Tout le monde ne fonctionne bien sûr (et heureusement) pas de la sorte. Certaines personnes sont tout à fait conscientes que l’emploi qu’elles occupent ne fait strictement aucun sens pour elles, n’est d’aucune utilité, ne fait que mettre un peu d’huile dans les rouages d’une machine à créer l’injustice sociale. Seulement voilà, à en baver chaque jour dans un taf de merde (bullshit job), à consentir d’y perdre son temps, sa vie, certainEs en viennent à nourrir un ressentiment pour celleux qui  ne foutent – au moins en apparence – rien de leurs journées.
Et puis il y a aussi celleux qui réussissent à vivre de leur passion, qui se sont trouvé un taf en lien avec leur vocation (instits, professionnelLEs de santé…) et/ou se sont lancéEs dans le petit entrepreneuriat, l’artisanat, soit par choix, soit par nécessité et ce au prix de nombreuses heures de travail, d’emmerdes supplémentaires,  de prise de risques pour leurs vies personnelles…Et qui estiment que toute personnes le souhaitant peut « réussir sa vie » façon Bernard Tapie (on vous épargne le tube des années 80 même si c’était tentant!)

ET PENDANT CE TEMPS…

… Les propriétaires des moyens de production – qui elleux se contentent d’hériter – se gavent à outrance, pratiquent l’optimisation fiscale (tout à fait légalement) ou l’évasion fiscale (pas légale mais tacitement protégée). Illes bénéficient de toutes les attentions. Vous comprenez, les ménager, c’est important pour « l’économie », la « compétitivité » tout ça… L’État via les gouvernements successifs prend donc grand soin de ces fortunes prétendument créatrices de richesses et leur offre des cadeaux (bouclier fiscal sous Sarko, CICE sous Hollande, lois diverses et variées autour de l’investissement dans la construction d’immeubles…) et autres largesses visant à réduire leur participation à la redistribution des richesses (contrats de travail aidés…). Bref, il met tout en œuvre pour que cette caste (appelons un chat un chat) continue de faire durablement son beurre sur le dos de la classe laborieuse.
L’imaginaire populaire est malaxé depuis des dizaines d’années par cette pensée libérale devenue norme et qui voudrait que « si le riche maigrit le maigre meurt » et qu’il n’y a pas d’alternative (TINA). TenuEs par l’angoisse d’une fuite des capitaux et tout aussi tenailléEs par la peur du chômage qui guette, une part de la population cède plus ou moins tacitement au chantage (car c’en est un!).

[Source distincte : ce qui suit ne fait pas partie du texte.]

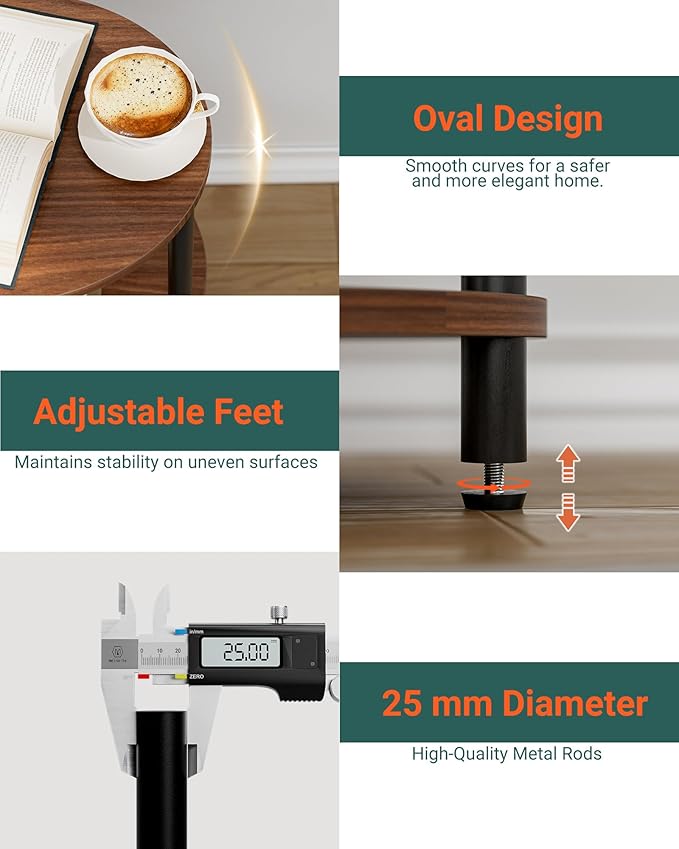 Round Pedestal End Table - 3-Tier Oval Accent Table for Small Spaces, Rustic Wood and Metal Couch Side Table, Nightstand for Bedroom or End Table Living Room, Easy to Assemble, Rustic Walnut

La Loi Travail est l’illustration du moment de cette politique et de l’idéologie qui la sous-tend. Si vous partagez les constats que nous avons évoqué tout du long de cette première partie d’article, vous conviendrez que refuser de s’asseoir autour de la table pour négocier la longueur de nos chaînes est une base ; et que s’organiser pour la retourner est un devoir!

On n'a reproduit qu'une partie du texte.